Günlerdir gerçekleri haber yapmaya uğraşan ve yasaklarla da boğuşan Türkiye bazı medyaları, Muğlanın İkizdere köyündeki Akbelen ormanları katliyamlarını duyurmaya çalıştılar. Bize en net gerçek olan devletin sınıfsal niteliğini yaşatarak anımsatması gerekirdi. Kaçı bu sonuca geldi bilmem. Bilinen, sermayeni rantı aşkına devlet kendi kurallarını da yerlerbir edip jandarma polisiyle köylünün yıllarlık ağaçlarını katlediler. Ağaca sarılan insan ve onu döven, tutuklayan devletin resmi gücü Jandarma.
Bu konu dahi ayrıştı. Resmi havuz medyası olayı başka telden çalıp resmen bize devletin resmi idolojik aygıtlar öğretisini partikle kanıtlıyordu. Bu arada şov yapmaya giden kimi siyasetçilerin de imajla oynalamaları da duvara çarptı. Ama, direniş sonuçta devlet gücünün örgütlü her alanıyla birlikte yenilgiği de getirdi. Ayni anda başka bir olay da Antakyada oluyordu. Daha deprem üzerinden fazla zaman geçmedi. İmar afıyla yapılan ve depremde nasıl yıkımla katliyama dönüşen örnekler Antakyada canlıdır. Buna rağmen yine imar afı çıkarıp daha doğrusu imar alanı açarak zeytinlikler katledilme cenderesine konuldu. Yine uygulayan Jandarma ve polis. Malum uygulamalar oluyor. Bu da haber olarlak gerçekleri haberleştirmek istenen medyada ancak yer buldu.

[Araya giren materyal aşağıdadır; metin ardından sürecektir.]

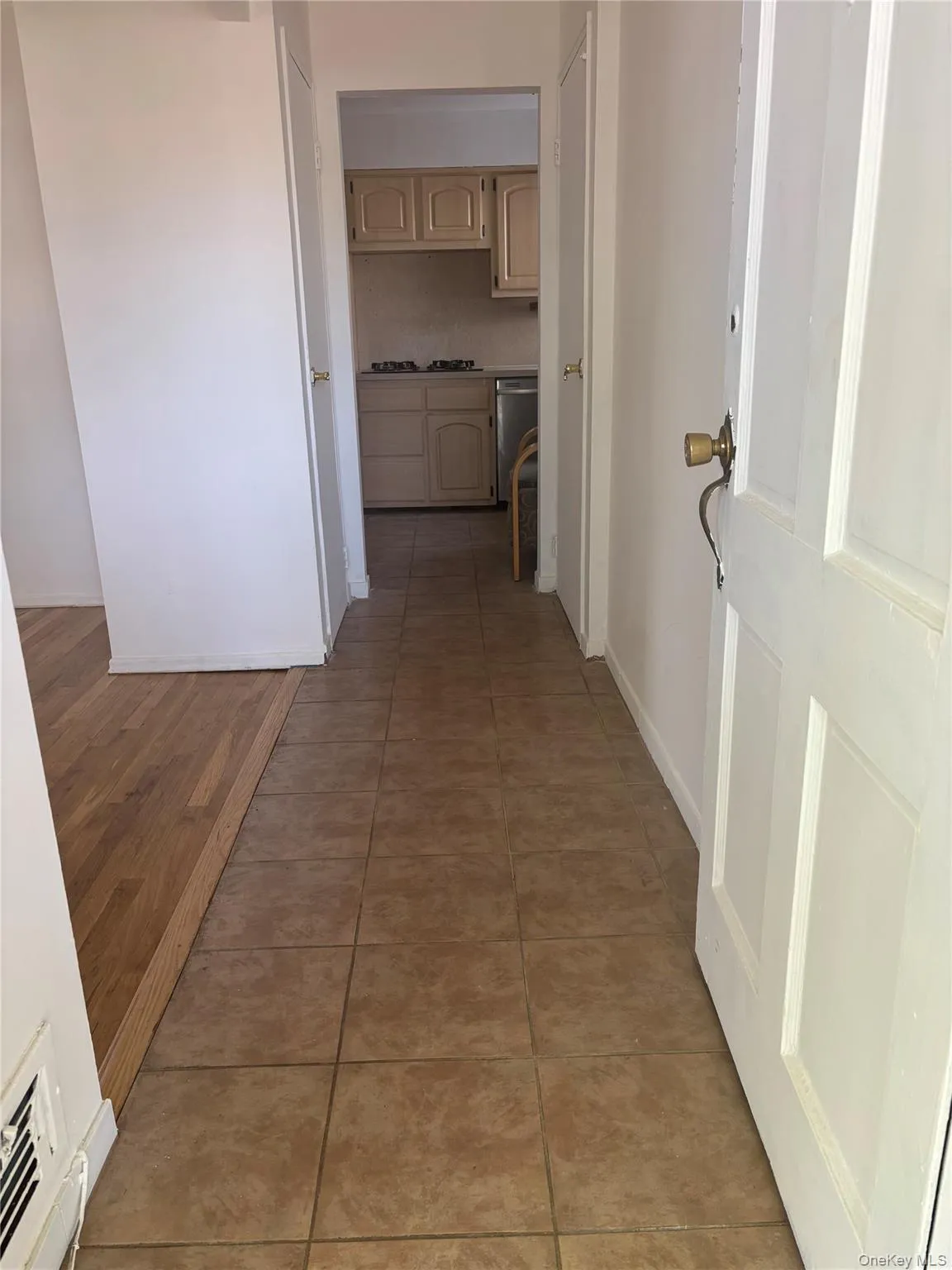 Tiled entryway with wood-finish flooring extending into an adjacent area Tiled entryway with wood-finish flooring extending into an adjacent area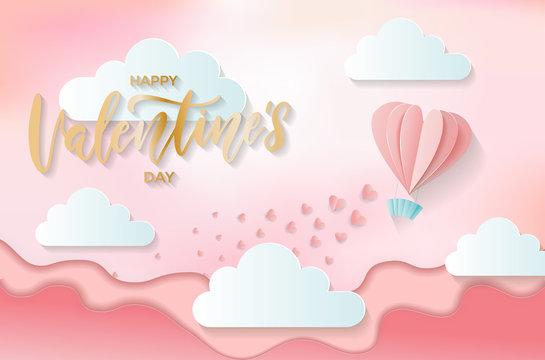 Paper cut hot air heart shaped balloon flying on over the hills and scattering little hearts. Origami digital craft style. illustration of love and Valentine's day with golden lettering greetings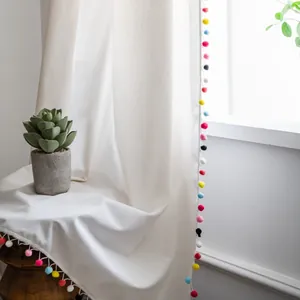 Detalle de cortina de lino crema con flecos de pompones de colores y luz natural suave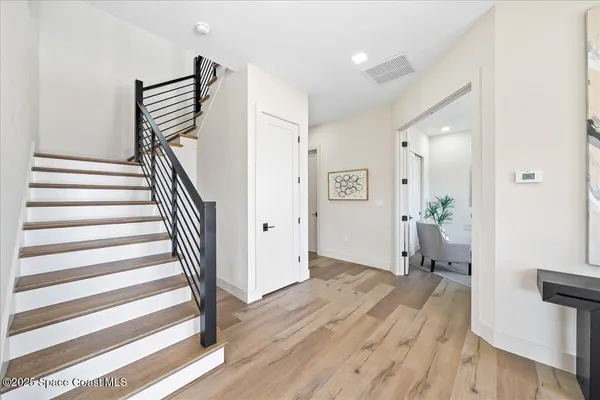 a view of a hallway with wooden floor and staircase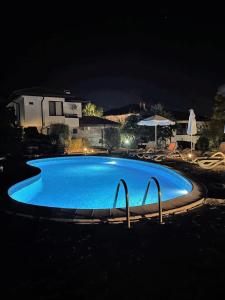 a large blue swimming pool at night at Villa Rada, Bay View Villas in Kosharitsa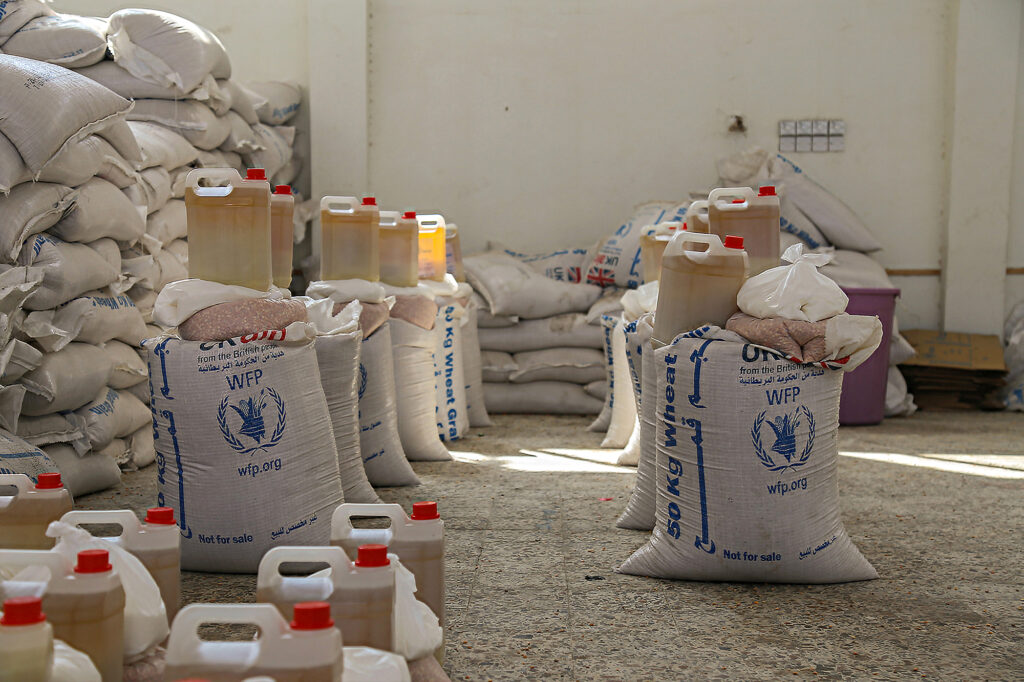Food aid awaits distribution at a warehouse in Taiz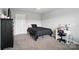 Bedroom featuring a bed, desk area, and black decor, as well as neutral walls and carpet flooring at 3256 Fairmead Dr, Concord, NC 28025
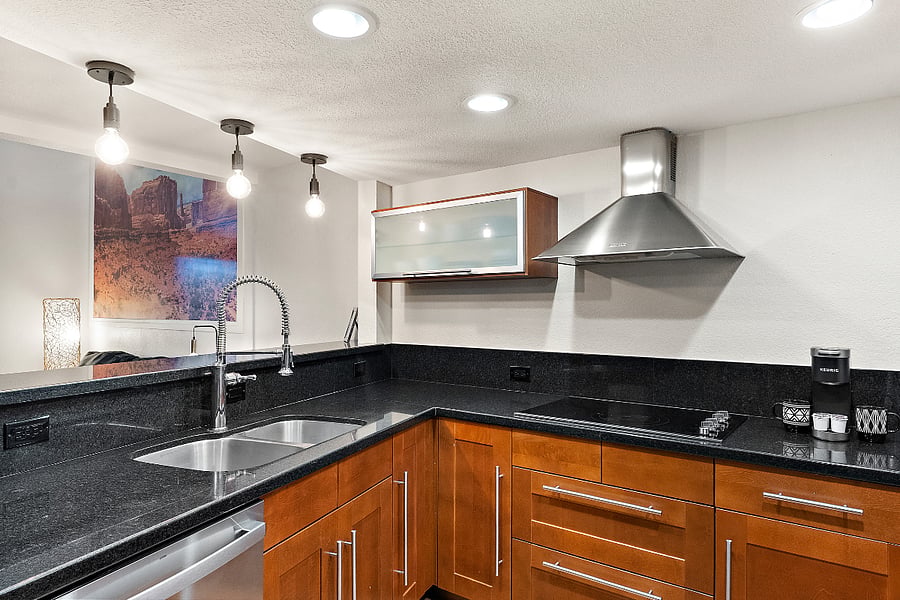 This kitchen is a chefs dream, featuring sleek countertops, high-end appliances, and abundant storage space. The open layout allows for effortless movement between the kitchen and living areas, making it ideal for both cooking and entertaining. Modern fixtures and finishes, including top-of-the-line stainless steel appliances, enhance the room's contemporary charm. Whether you're preparing a gourmet meal or enjoying a quick snack, this kitchen combines style and practicality to create the perfect culinary space.
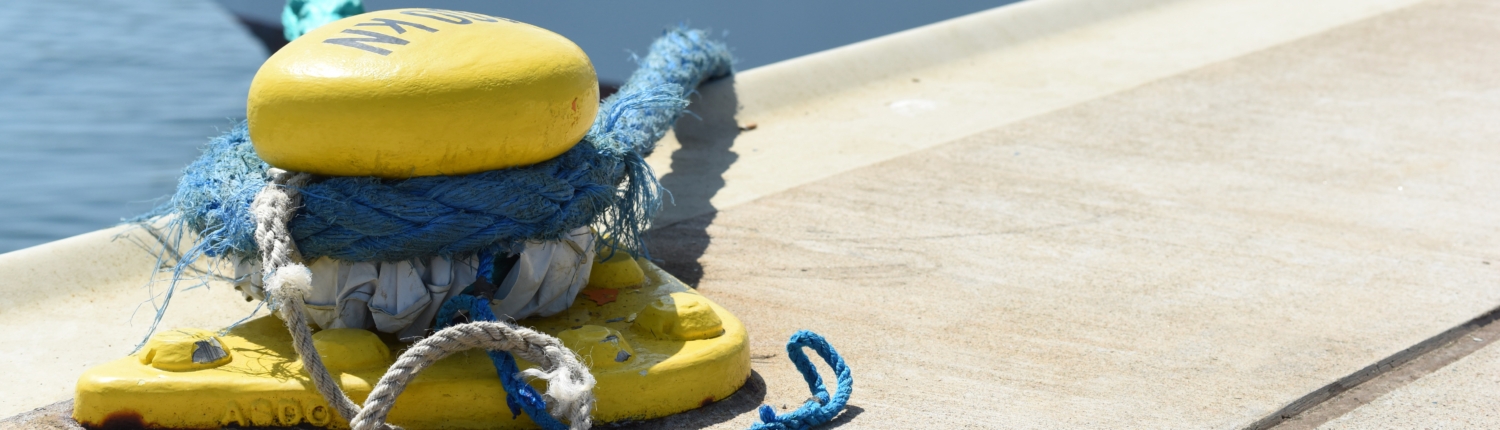 Auf diesem Symbolbild ist ein leuchtend gelb angestrichener Poller an einer Kaimauer im Hafen zu sehen. Er ist fest im Boden verankert und dient dazu, Schiffe sicher an der Kaimauer festzumachen. An einem blauen Tau sind unscharf im Hintergrund Teiles eines Schiffsbugs (vorn) zu erkennen.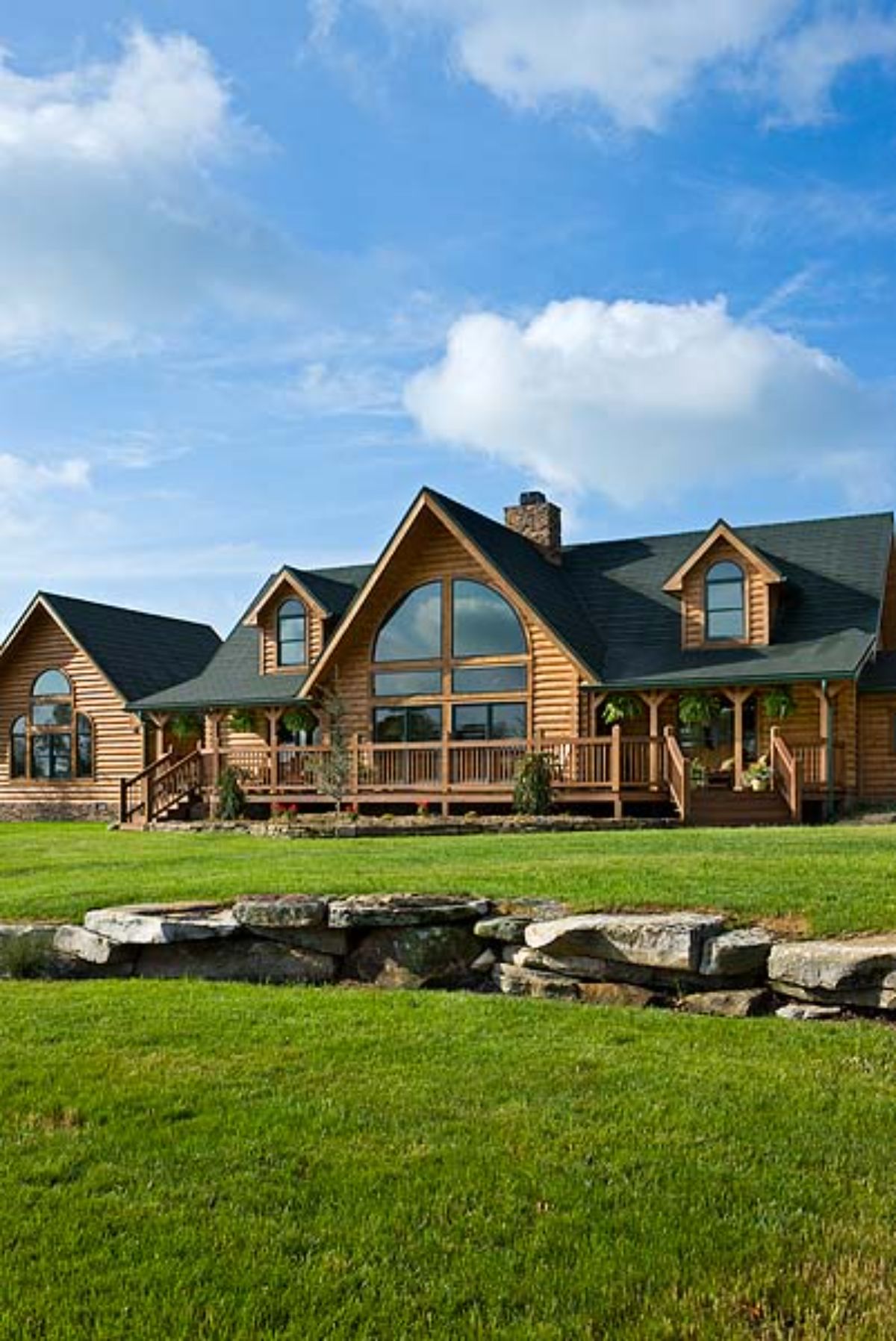 log cabin with green roof in front of rock wall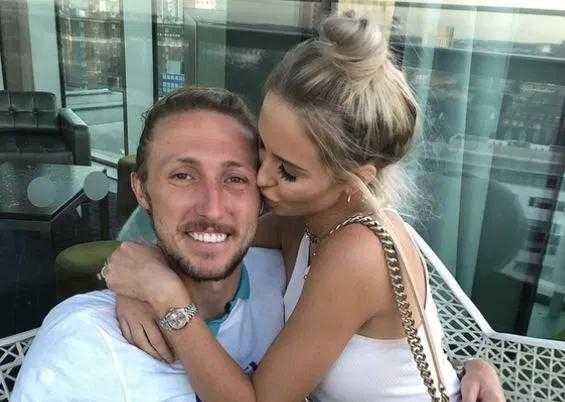 身着简约休闲装，她手中拿着一杯香槟，嘴角洋溢着自信的微笑，完美融入了赛后庆祝胜利的欢乐海洋。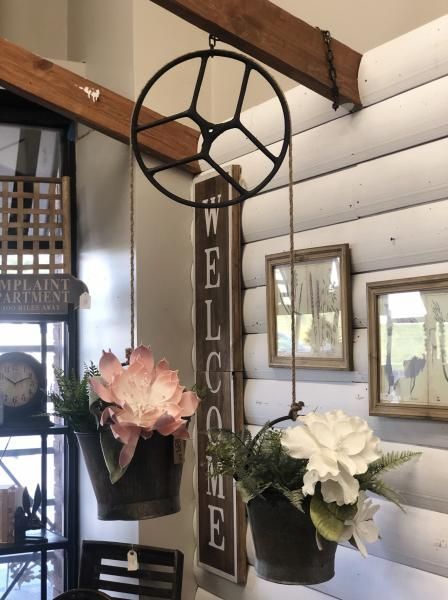 Rustic porch decor with a “WELCOME” sign and two hanging flower baskets under wooden beams.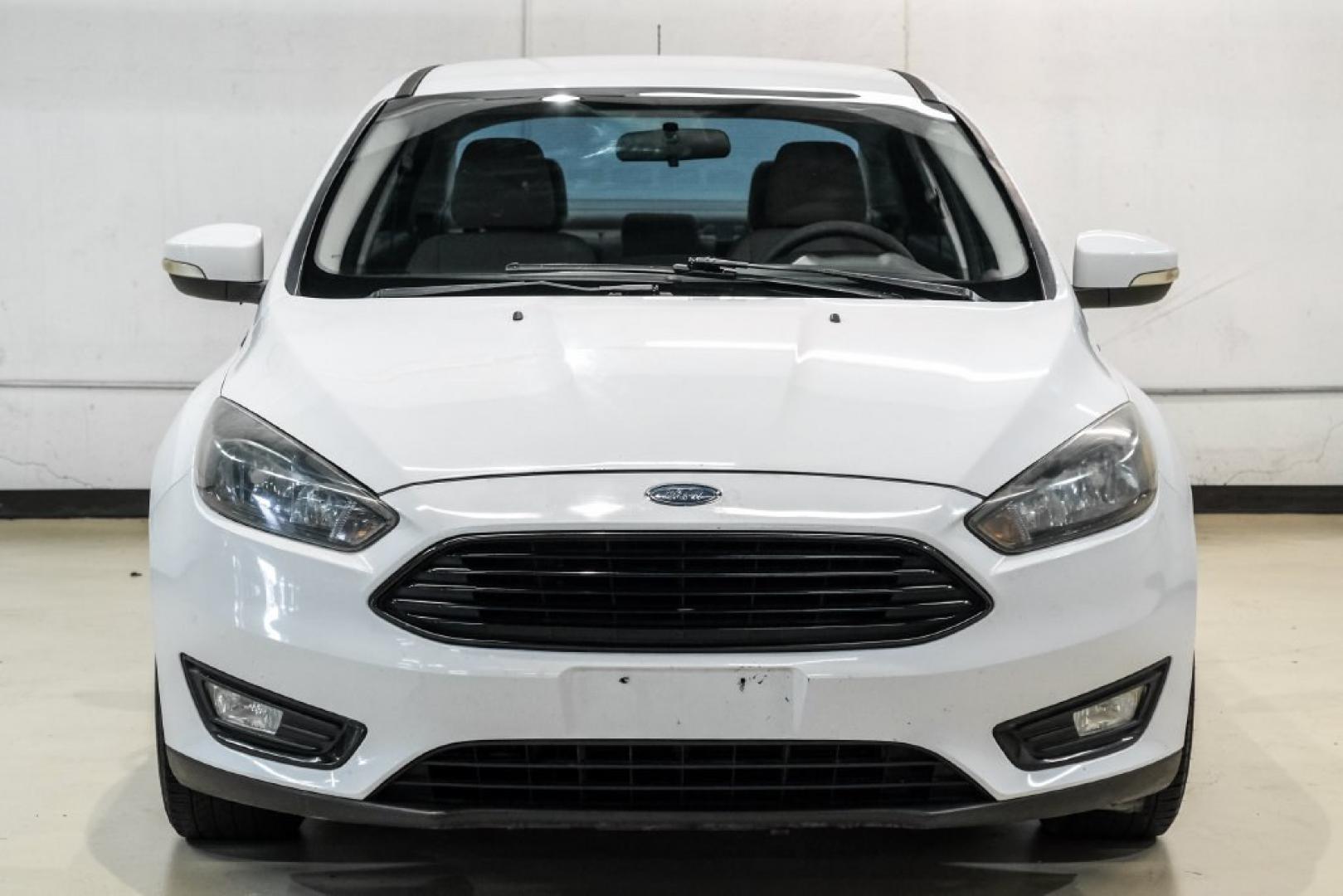 2017 Oxford White /Medium Light Stone Ford Focus SE (1FADP3FE0HL) with an EcoBoost 1.0L I3 GTDi DOHC Turbocharged VCT engine, Automatic transmission, located at 15300 Midway Rd., Addison, TX, 75001, (972) 702-0011, 32.958321, -96.838074- Photo#4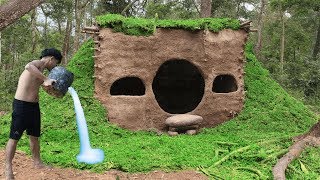 Building Primitive Mud Houses With Grass Growing Around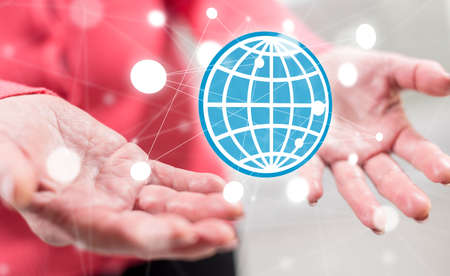 Global business concept above the hands of a woman in backgroundの写真素材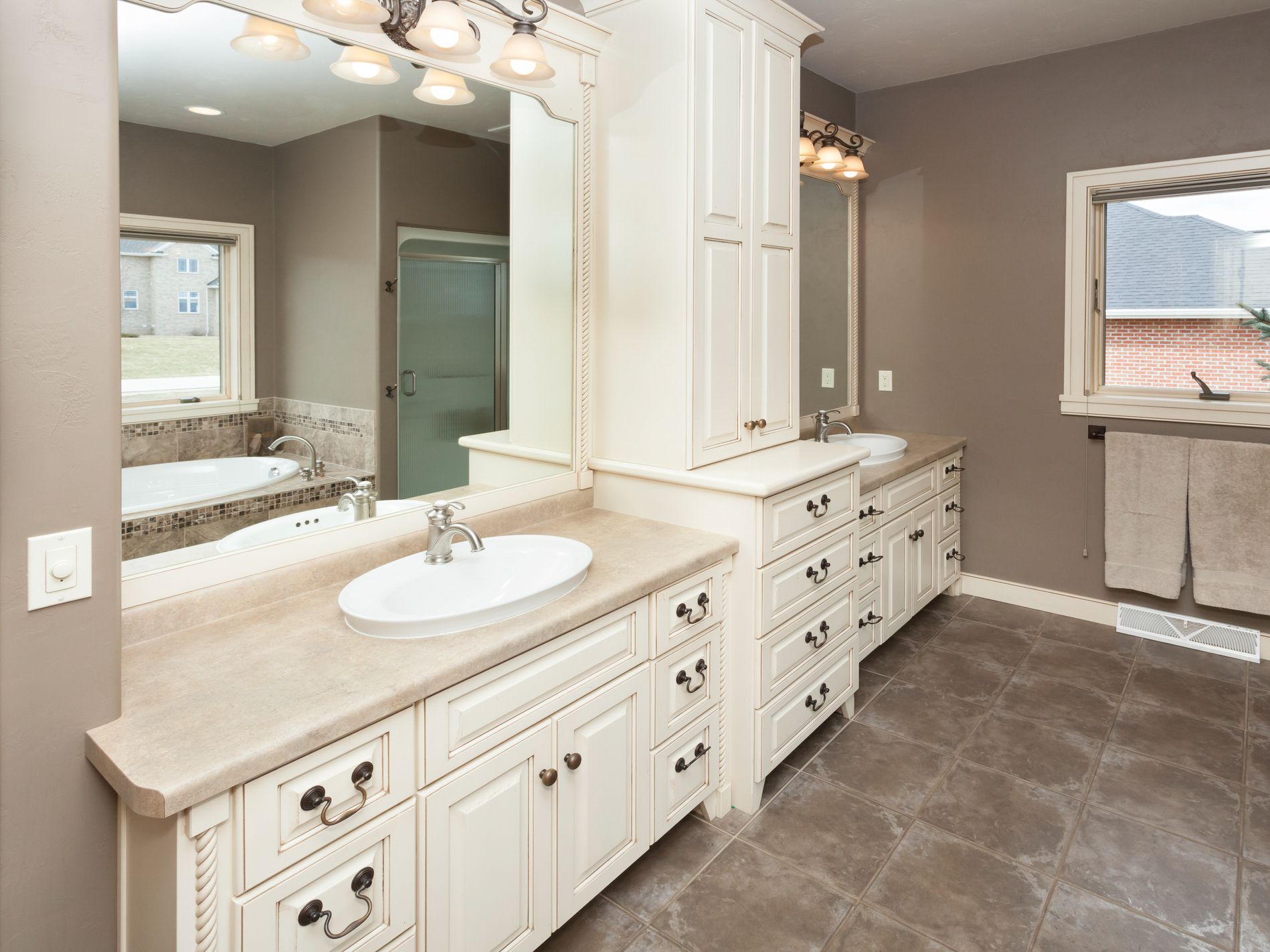Spacious Bathroom With Custom Cabinetry and Tile Floor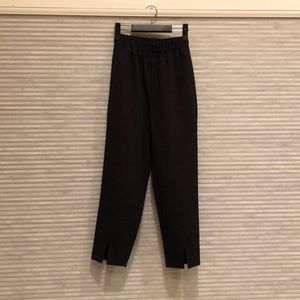 Black relaxed trousers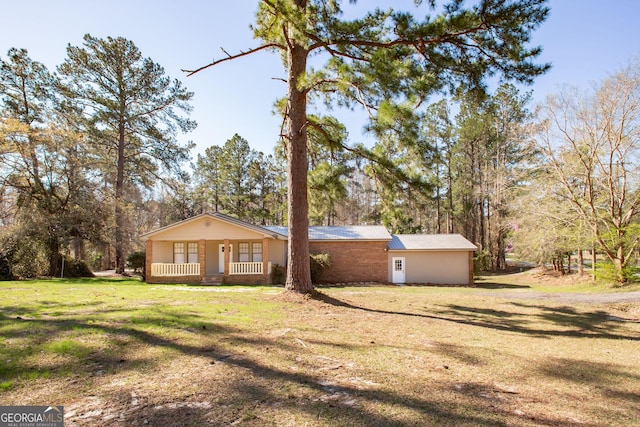 view of front of property with metal roof, a porch, and a front yard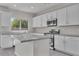 Well-lit kitchen featuring granite countertops, stainless steel appliances, a center island, and white cabinetry at 2512 N Pony Ln, Casa Grande, AZ 85122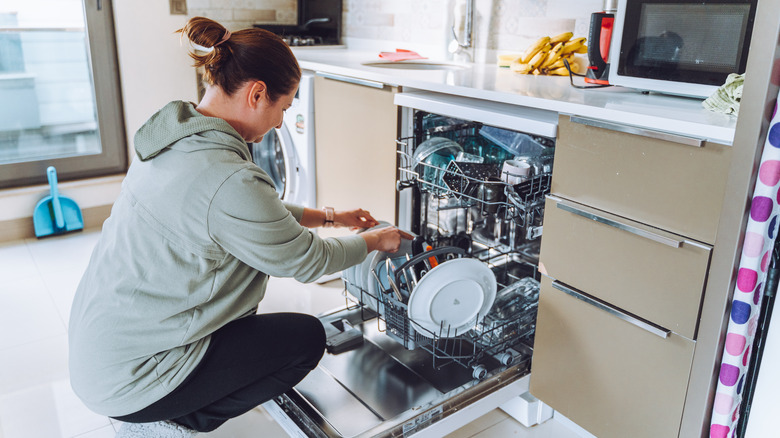 A woman emptying dishwasher full of dishes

Fakat bir acı paradoks da var. Cudi dağında da orman yangınları var. Buraya pek müdahale edilmiyor. Müdahale edilmiyor da gerçekleri haber yapmaya çalışan TC medyası nedense iş Güneydoğuya gelince ayni duyarlılığı göstermiyor. Türkiyenin muhalefet partilerinin çoğu olayla alakadar olmuyorlar. Buda öteki gerçek paradokstur. Oysa Munzurdaki orman katli duyarlılığı olsaydı bugün Muğlada yaşanan olay belkide olmayacaktı. Örgütlü mücadele olmadığı ve daha kötüsü haberin gerçeği deyil de yerine göreğe dek geriliyorsa, demek ki yapılanlar yapılanmaya devam edecektir.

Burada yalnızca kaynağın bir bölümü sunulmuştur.